There are some fascinating layers and insights hidden in between the interactions of this comic filled scene.
Innocent correction has a relentless rawness that can stop the flow of false assumptions adults or leaders tend to make. Correction can create the most awkward and uncomfortable moment for a leader who assumes that everyone agrees with what they are saying or doing at any given time.
What helps a leader embrace with ease and effect uncomfortable and awkward conversations at work? Amidst the many attributes needed to usher in such a capacity is the ability to sit still and wait for the awkward moment to fully manifest itself in the atmosphere and settle without the urge to brush it aside quickly. I call it the ability to sit with clouds.
We all enjoy the beauty of a blue sky. It’s perfect, untouched and unhindered and yet when I spent several years in India under such a captivating canvas I somewhat lost the value of a fully blown blue sky because it was a daily occurrence (to some degree). When clouds arrived and mingled amidst the vast blueness they created a concoction that gave way to a depth in the blue that made it quite special.
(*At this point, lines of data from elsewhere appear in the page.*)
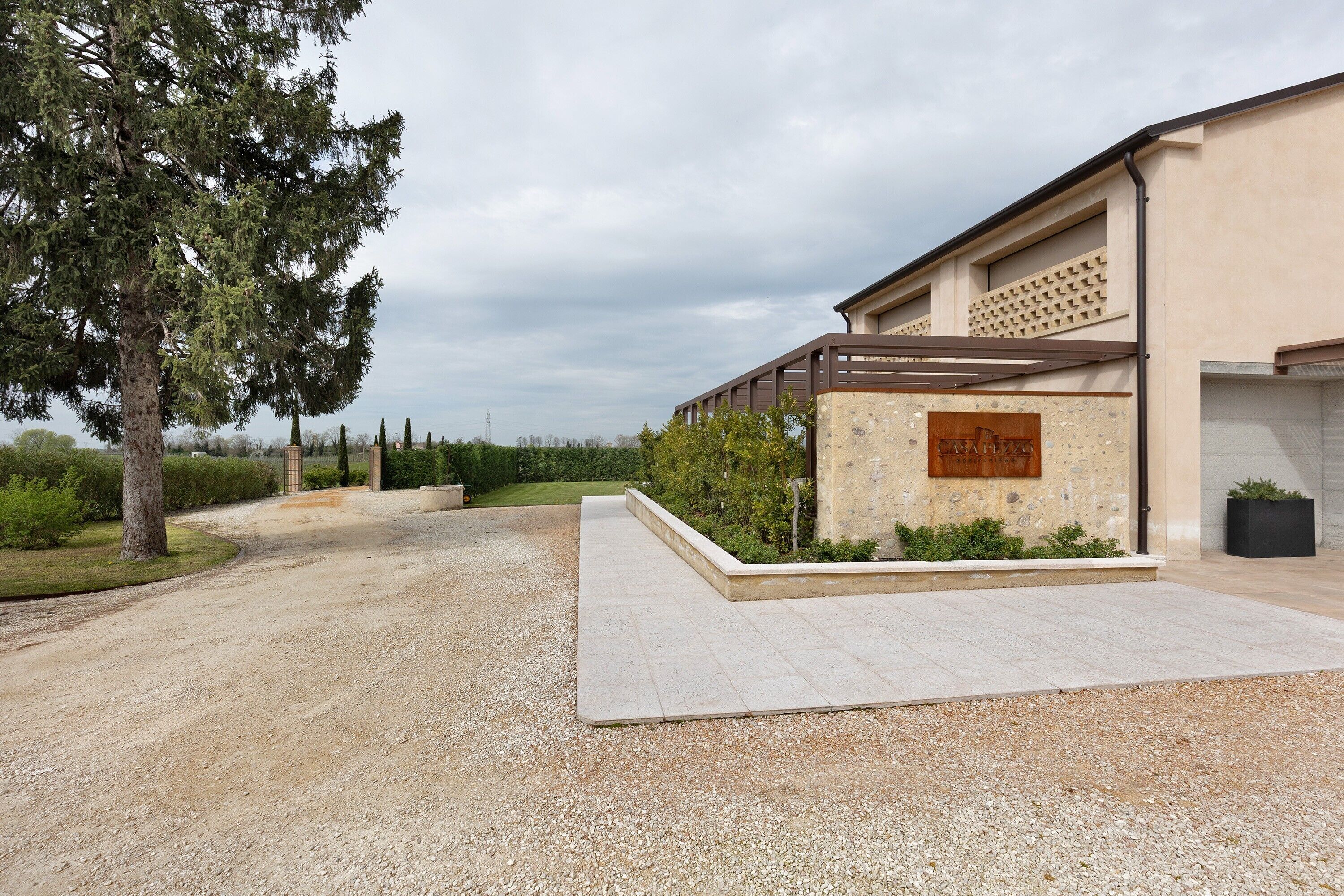 Een gebouw met een grindpad, een pergola en een stenen muur met een plaquette.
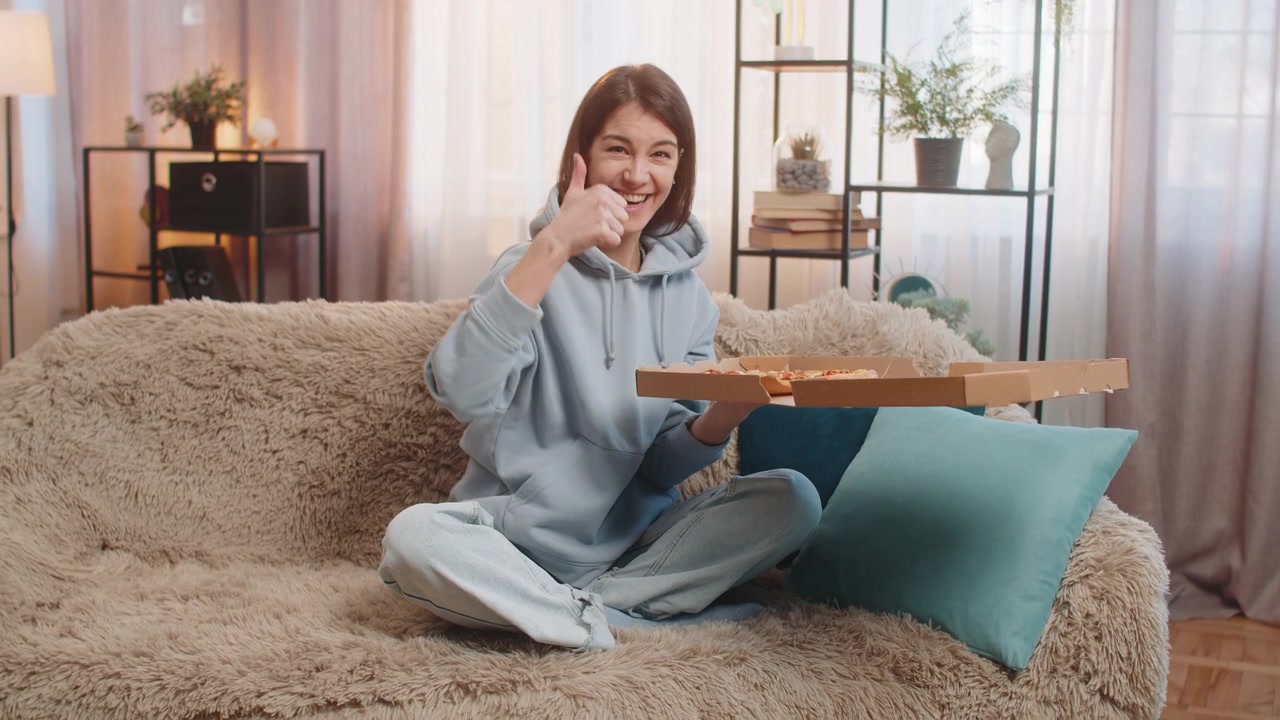 행복한 젊은 백인 여성이 배달 상자를 받아 포장을 풀고 집에서 맛있는 피자를 즐기고 있습니다.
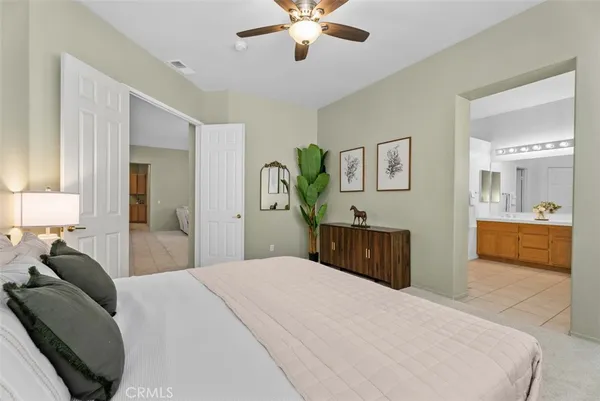 a bedroom with a large bed and ceiling fan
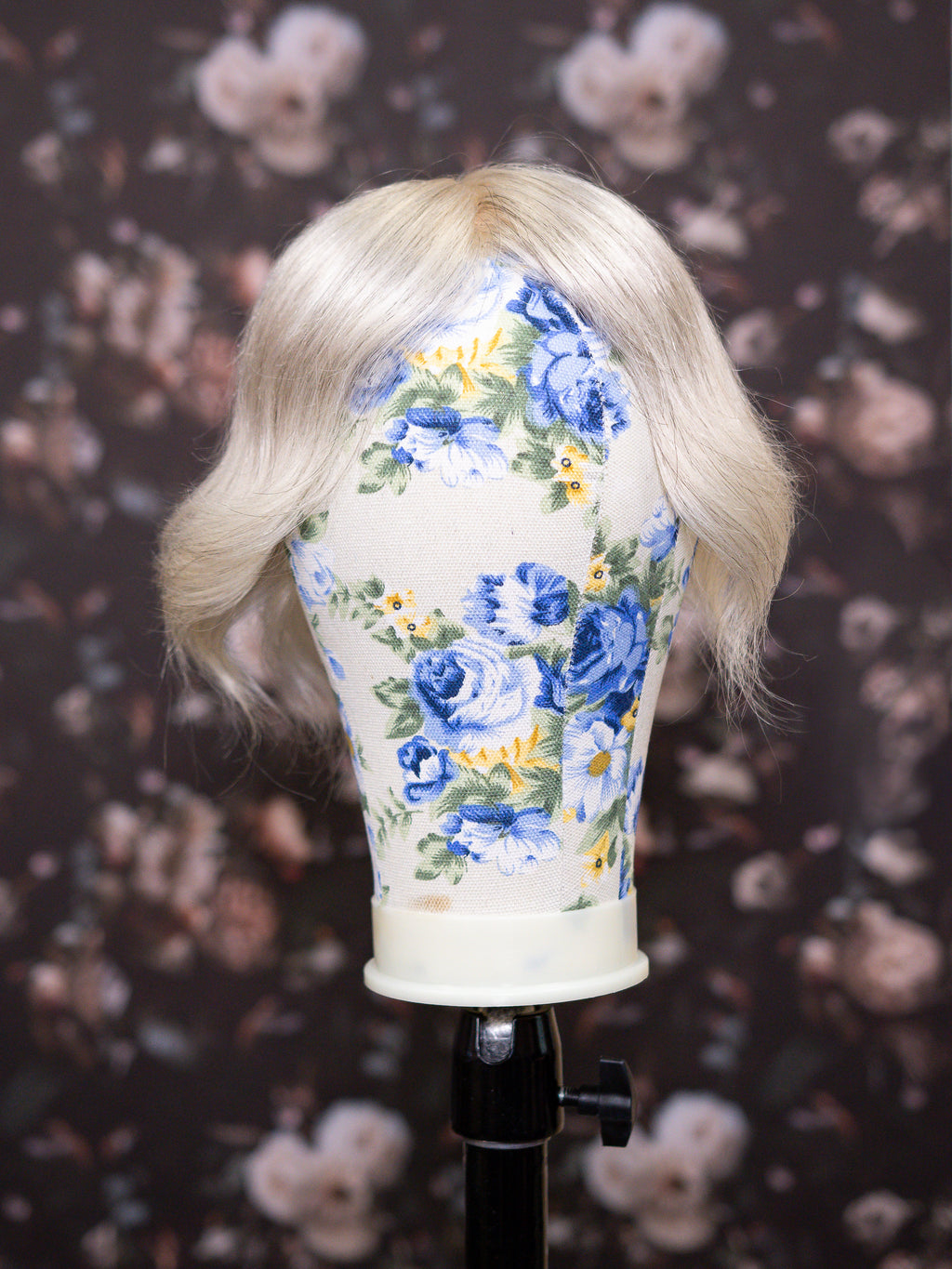 Mannequin head with blonde wig and floral-patterned headband against a floral background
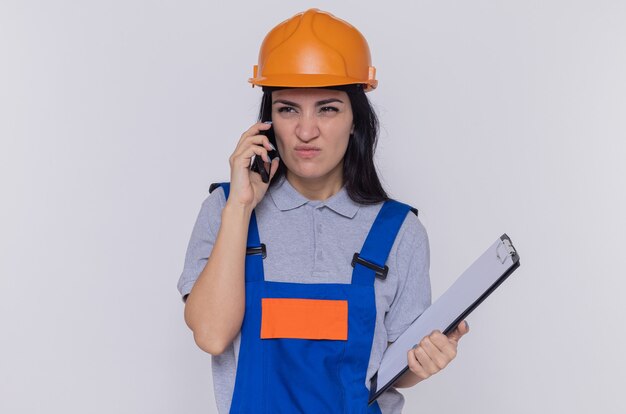 Mujer joven constructor en uniforme de construcción y casco de seguridad sosteniendo portapapeles mirando disgustado mientras habla por teléfono móvil de pie sobre una pared blanca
It’s very uncomfortable for some leaders to embrace awkward questions at work and for some even mind numbingly embarrassing. Especially if they have been corrected on a matter by a ‘junior’ in public.
It reveals 2 blurry blind spots of the Leader.
I say “blurry” because most leaders in this delicate category do not rage like the pompous uncle in the film. They find cunning ways with a camouflaged calm to brush aside the awkward question or correction. In a more dangerous category we find some leaders who have intentionally learned this crafty craft and carved it cunningly into their subconscious. They don’t feel uncomfortable or embarrassed and hence miss the correction completely!
An experienced leadership coach has the ability to probe with permission and pass through all the protective layers a leader hides behind (intentionally or unintentionally) in their quest to brush aside embarrassing corrections or any discomforting awkwardness.
Insecurity is rooted in fear and that insecurity is a learned tendency however calm it may look on the outside. It takes a courageous leader to allow the leadership coach to probe into sensitive areas where stories of insecurity hide.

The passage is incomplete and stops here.